> _REQUIRED ACTION_: Exclude the pictures and reproduce the remaining data exactly as written.

> _RECORDS SHOWN_:
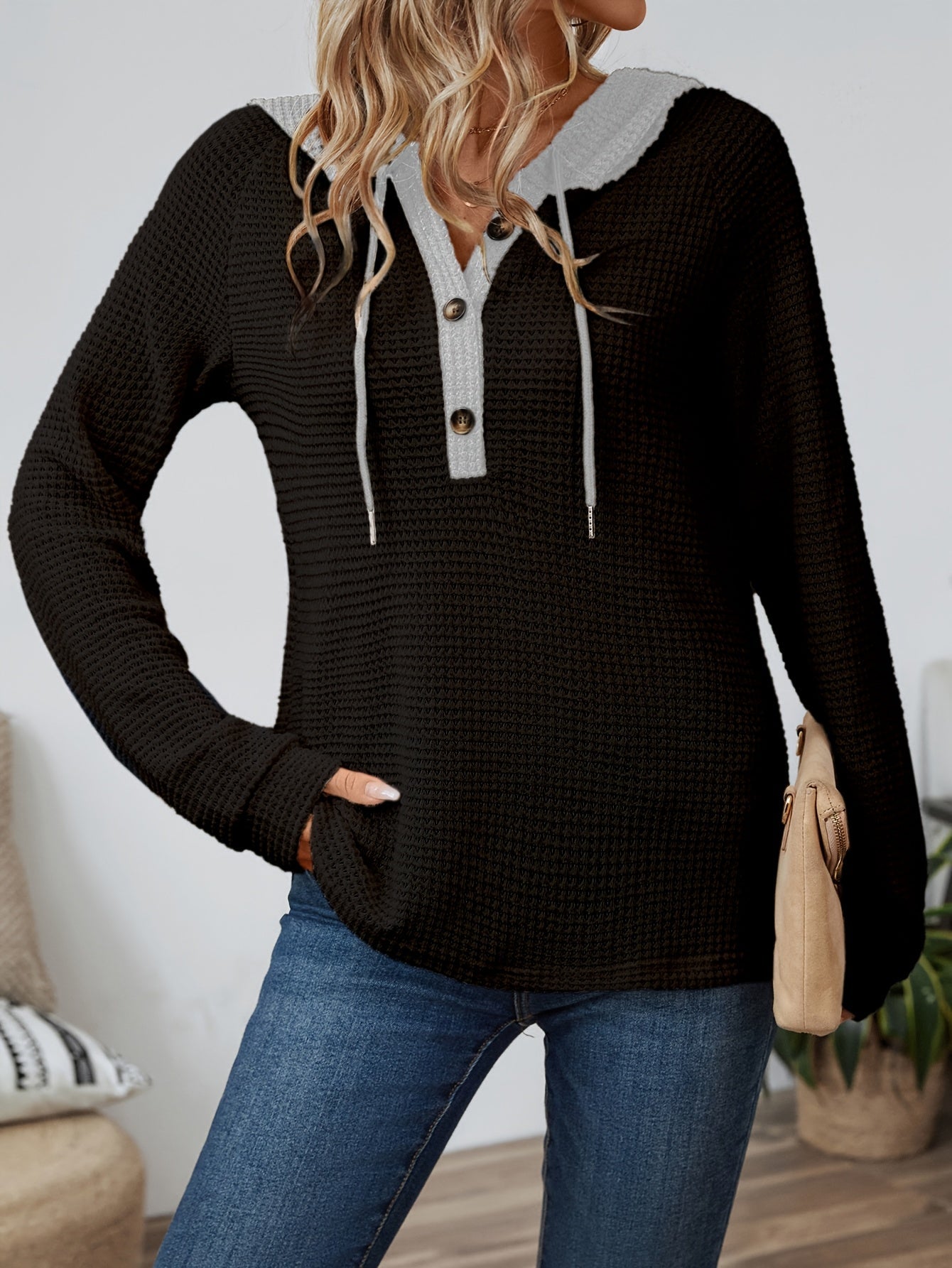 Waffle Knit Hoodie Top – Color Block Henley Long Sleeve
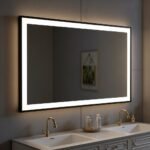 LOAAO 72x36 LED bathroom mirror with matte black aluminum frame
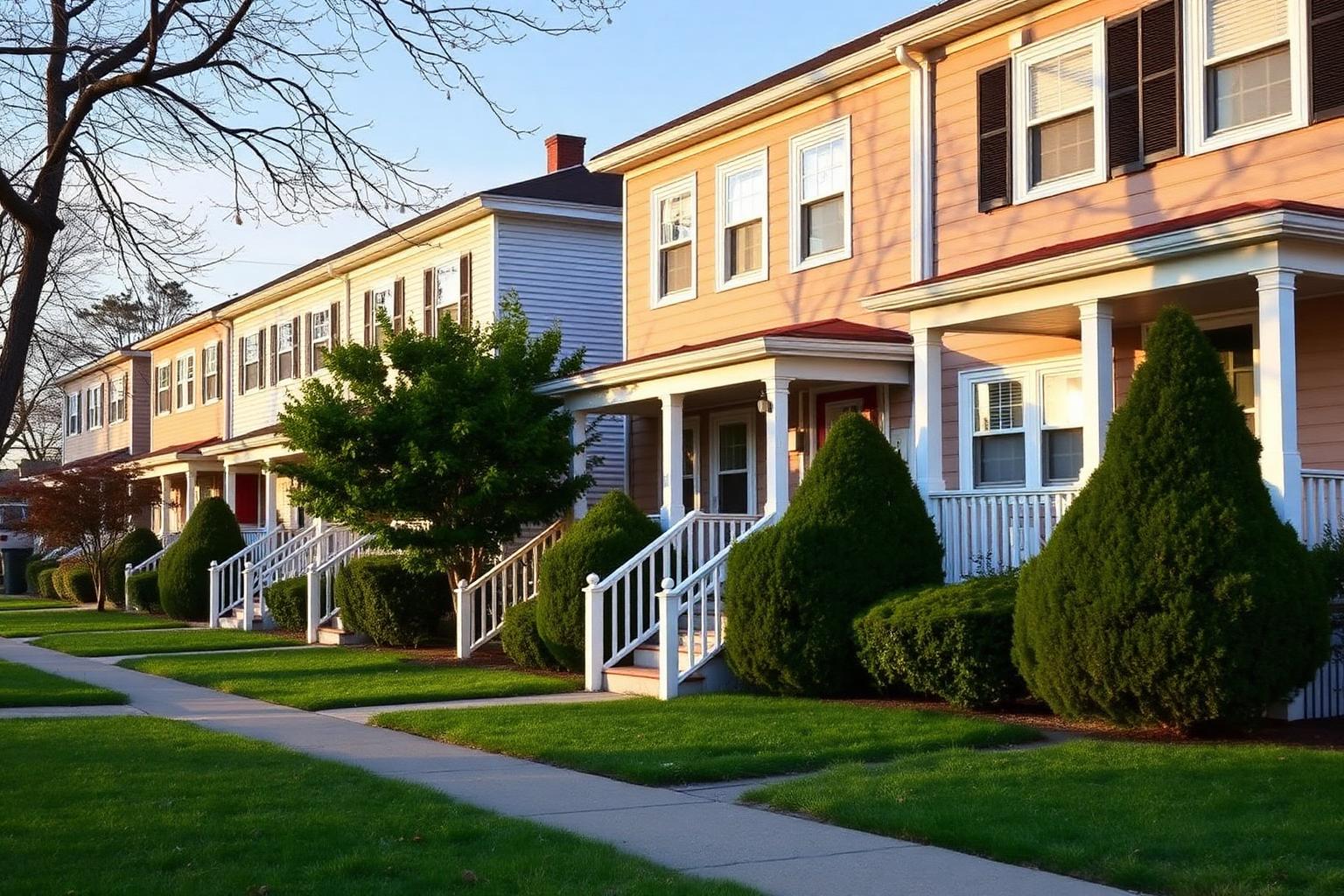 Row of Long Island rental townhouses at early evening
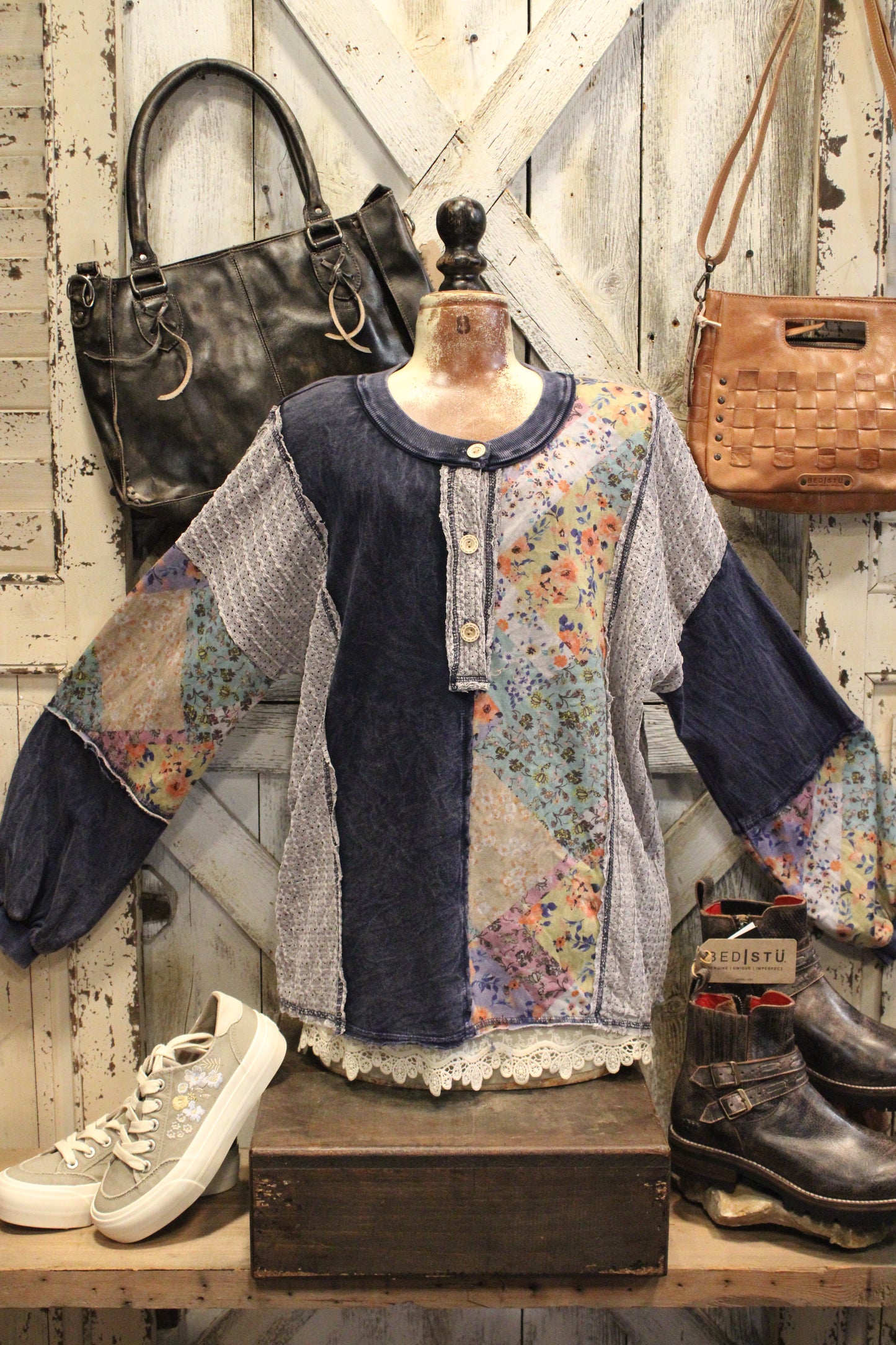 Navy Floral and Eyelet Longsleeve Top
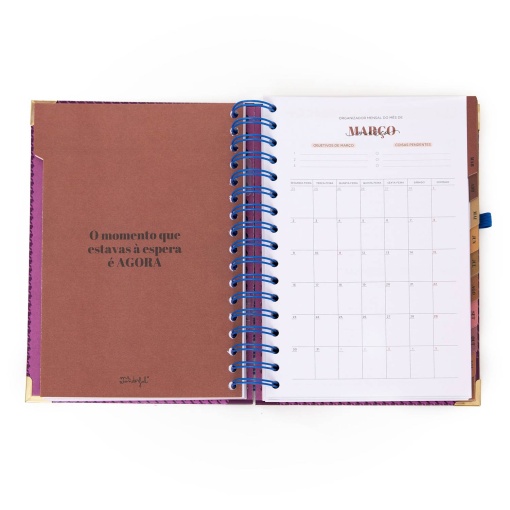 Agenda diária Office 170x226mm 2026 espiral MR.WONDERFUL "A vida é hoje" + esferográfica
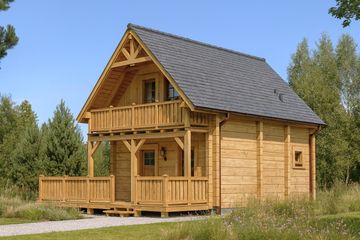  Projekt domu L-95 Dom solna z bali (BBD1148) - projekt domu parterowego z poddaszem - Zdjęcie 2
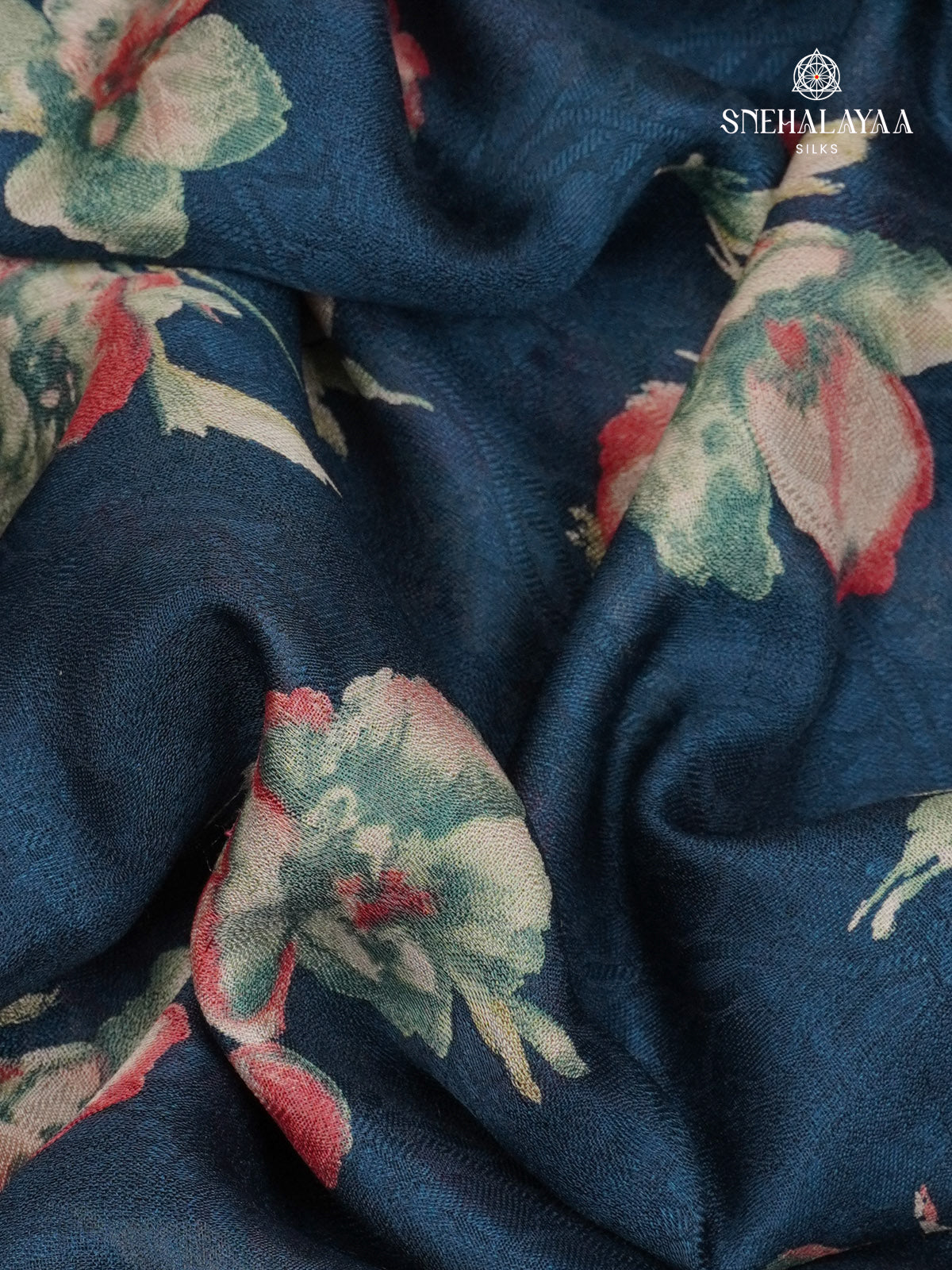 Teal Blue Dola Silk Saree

> _ANSWER TO THIS PROBLEM_:
 Waffle Knit Hoodie Top – Color Block Henley Long Sleeve
 LOAAO 72x36 LED bathroom mirror with matte black aluminum frame
 Row of Long Island rental townhouses at early evening
 Navy Floral and Eyelet Longsleeve Top
 Agenda diária Office 170x226mm 2026 espiral MR.WONDERFUL "A vida é hoje" + esferográfica
  Projekt domu L-95 Dom solna z bali (BBD1148) - projekt domu parterowego z poddaszem - Zdjęcie 2
 Teal Blue Dola Silk Saree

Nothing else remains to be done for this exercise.